Sylvia Straub recalled Nancy’s common sense and ability to mobilize kids to solve mysteries with logic and intelligence. She notes that girls were supposed to be docile and cute and grow up to be wives and mothers, and maybe teachers. “But Nancy, with her daring, intelligence and courage gave us another possibility—to do something outside the expected role.” Sylvia also said, “Reading Nancy Drew mysteries was the beginning of my love of mysteries and the intellectual challenge of figuring out a problem that involved some danger and adventure and certainly logical thinking.”

Judy Stock called Nancy “a liberated woman before anyone else knew what liberated women were. She had an autonomy that did not exist in the real world of most Nancy Drew readers.”

Is it any wonder adults remember Nancy Drew?

—Carolyn Mulford

April 11, 2008

Studying in a one-room school

With all eight grades in one room with one teacher, concentrating on your lessons can be a challenge.

In my one-room school, at least, the teacher started the day with the little ones and worked her way through each subject to the older ones. At 9 a.m. we would say the Pledge of Allegiance. Then the youngest students would leave their desks and go forward to the teacher’s desk to read aloud their reading lesson. Pupils read aloud through the fourth grade. By the fifth grade you were supposed to be a good reader.

The older students usually started their day with history, going forward to summarize what they’d read and answer the teacher’s questions.

Arithmetic followed the first recess, which came between 10:15 and 10:30. Pupils would go over the problems they’d solved and then work several new ones on the blackboard while the teacher watched.
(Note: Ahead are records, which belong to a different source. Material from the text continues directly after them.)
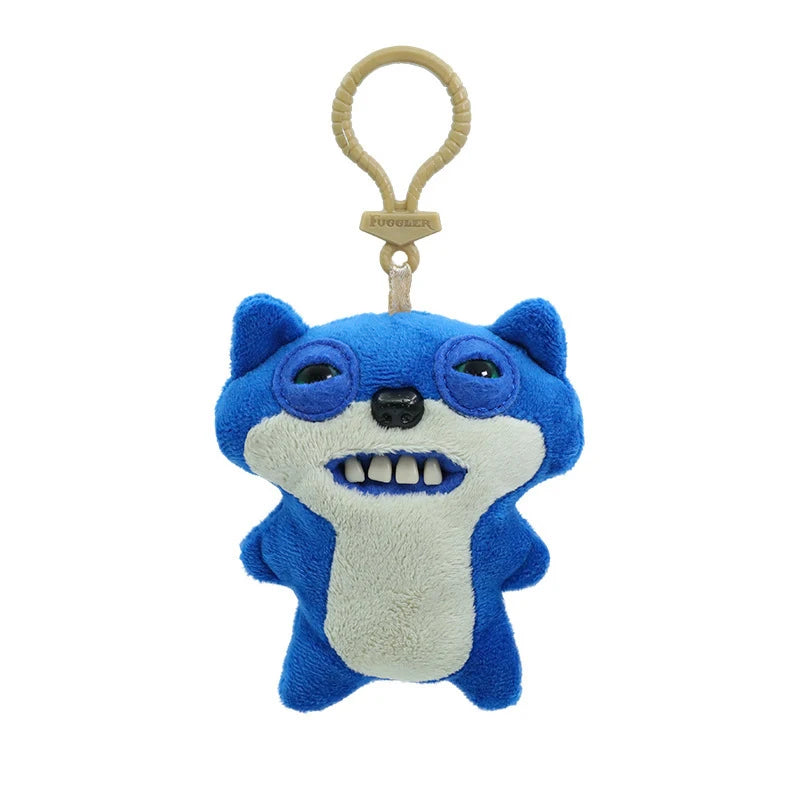 Original Fuggler Funny Ugly Monster Plush Keychain - Image 29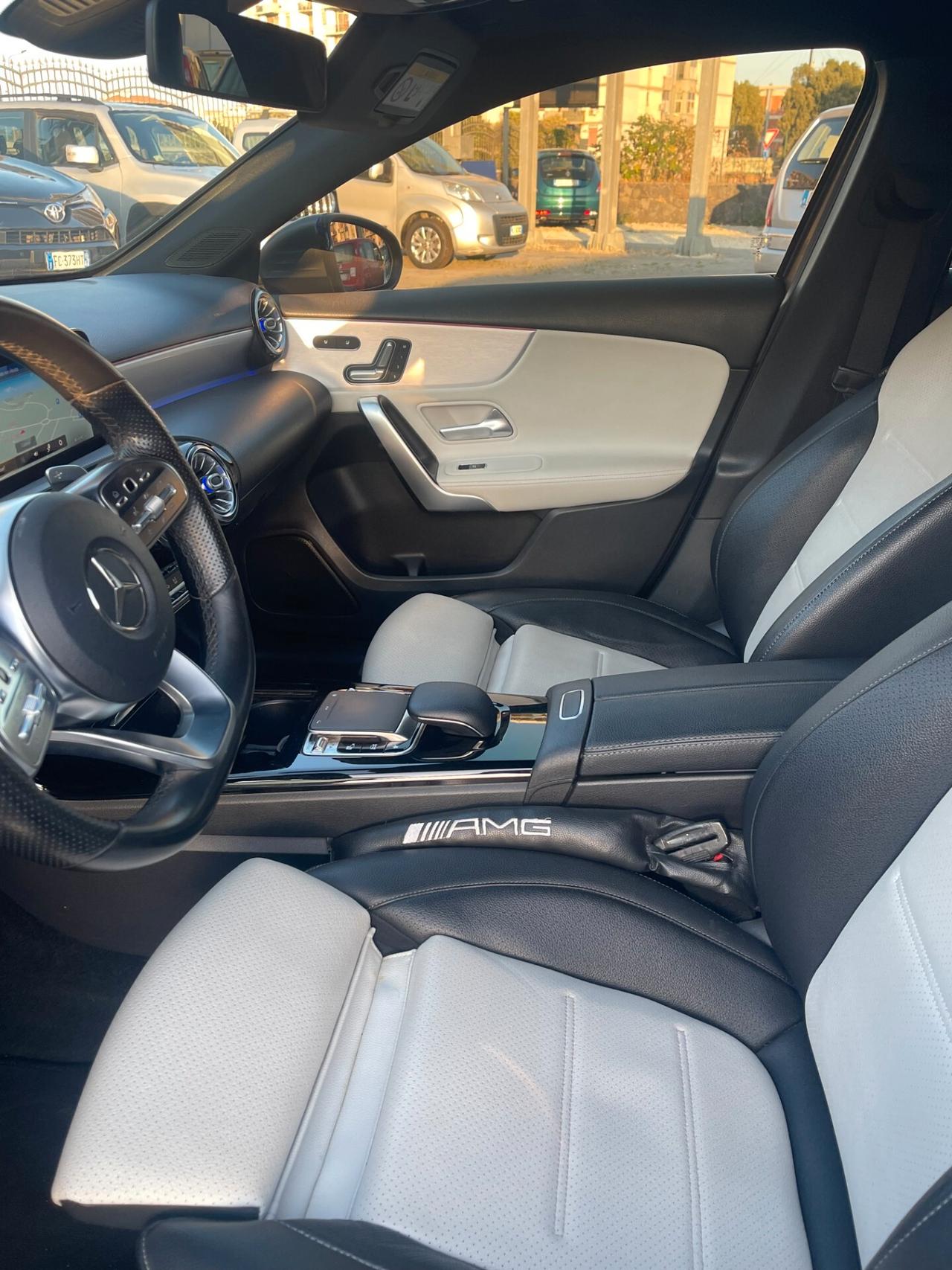 Mercedes Classe A Automatic Premium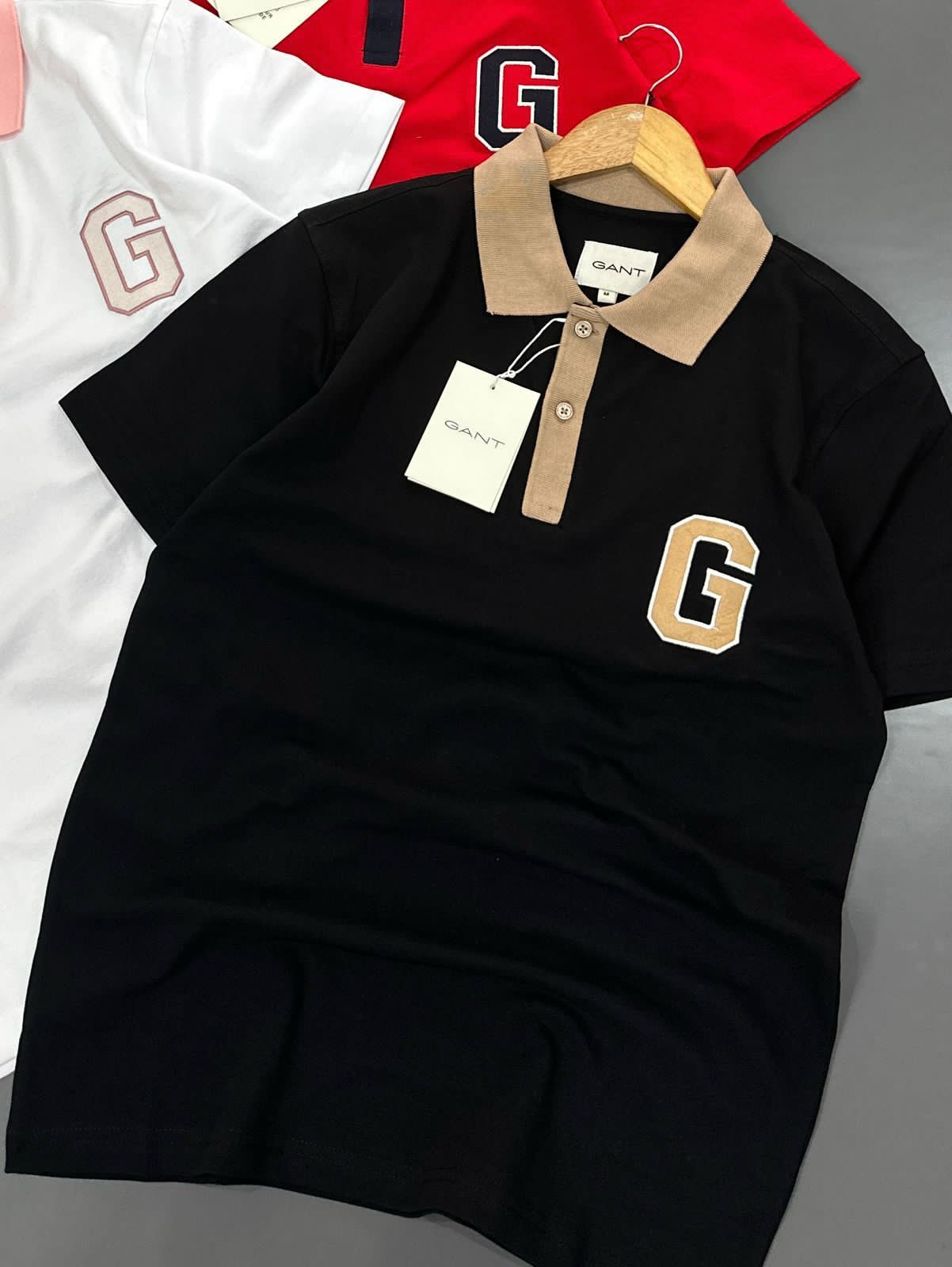 Urban Crest Polo T-Shirt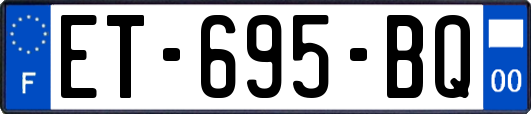 ET-695-BQ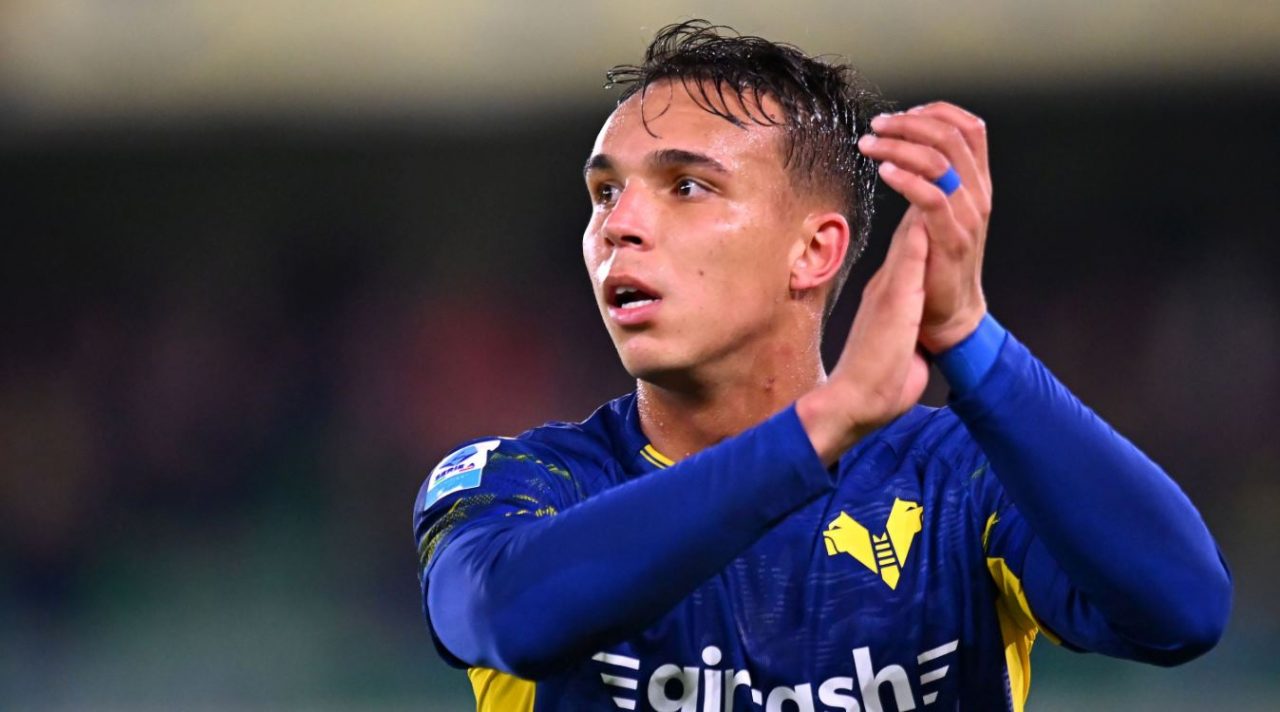 Profil Giovane pemain Helas Verona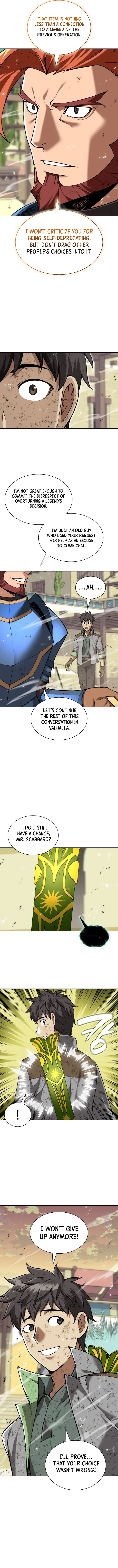 Overgeared Chap 340 - Next Chap 341
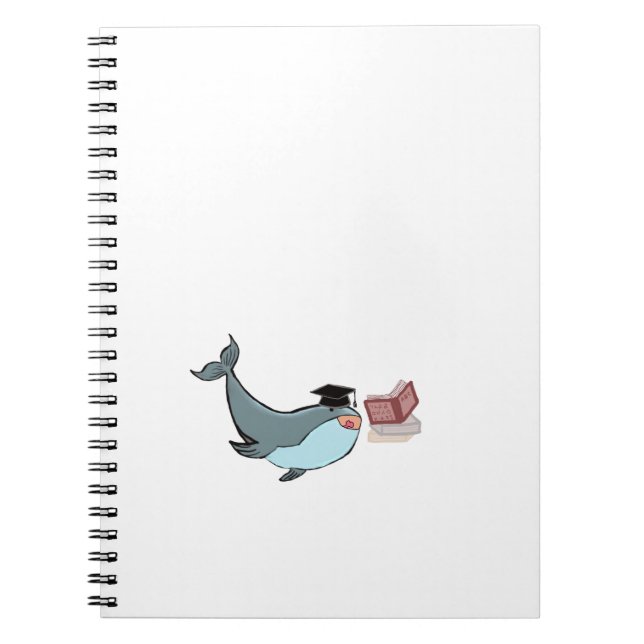 Caderno Espiral nota (Frente)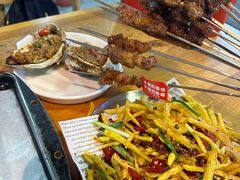 -四禧精酿铜锅涮肉·烧烤工场(大明湖店)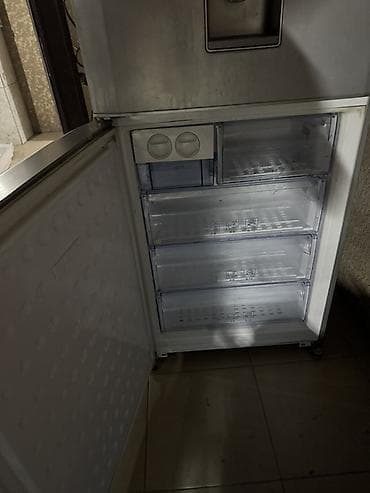 марозилка: Холодильник Beko, Двухкамерный, No frost — 3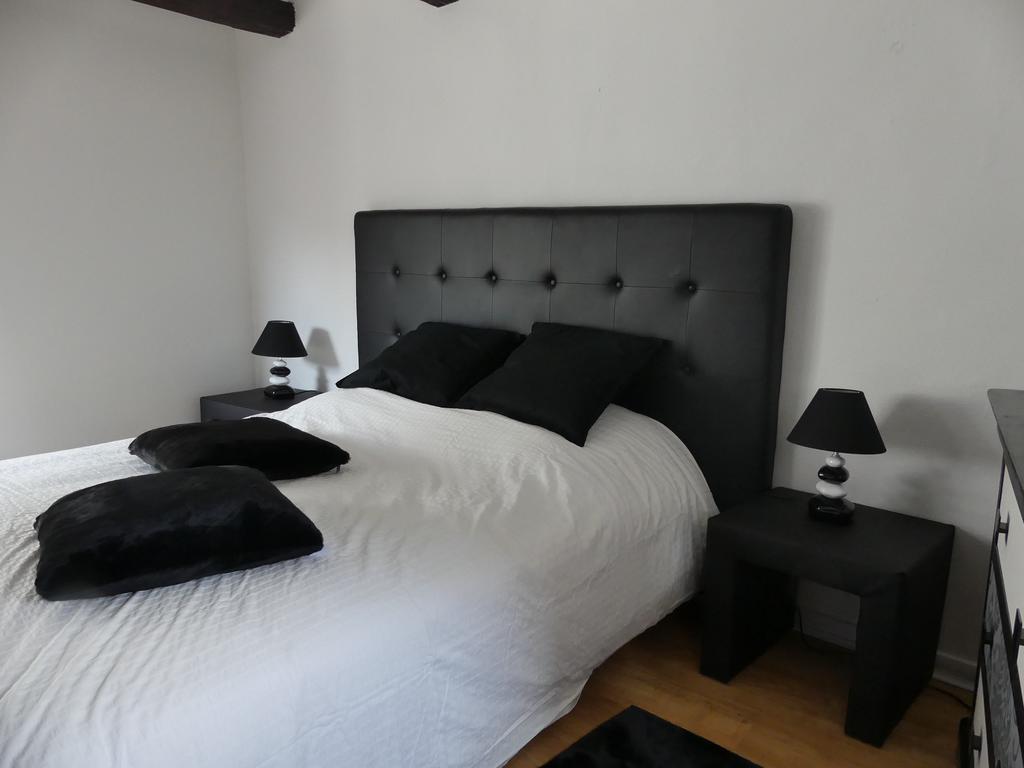 Appart Chaleureux Colmar Eksteriør bilde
It wasn’t feasible to teach four to five subjects (including spelling, science, and geography) to all eight grades every day. Schools alternated years of teaching fifth and sixth grade and also seventh and eighth. So fifth and sixth graders studied together—except for arithmetic. That had to come in order. If you were lucky enough to be born in the right year, you went straight through.

English replaced reading in the upper grades. My teacher from fourth through eighth grade loved grammar. I hated it. I constantly asked her to let me and my other classmate write instead of do grammar exercises. She rarely did. I learned more grammar in grade school than in high school or college. The only time I learned significantly more grammar after leaving grade school was when I taught eleventh-grade English in Ethiopia.

When I went to ninth grade in town, I worried that the town kids would be ahead of me. (Gail has similar worries in The Feedsack Dress.) They weren’t. My one-room school prepared me well.

The school also prepared me to concentrate in busy offices and noisy places.

—Carolyn Mulford

Correcting my mistake on Carolyn Keene

In a post in March I wrote about the people behind the pseudonym Carolyn Keene, the purported author of the Nancy Drew mystery series. Created in 1930 by Edward Stratemeyer, the series was shepherded for decades by his daughter, Harriet Stratemeyer Adams. As I said in a comment shortly after the post, I misremembered her last name, giving it as Evans rather than Adams. I’m posting the correction again because I detest such errors and want to emphasize the correct name.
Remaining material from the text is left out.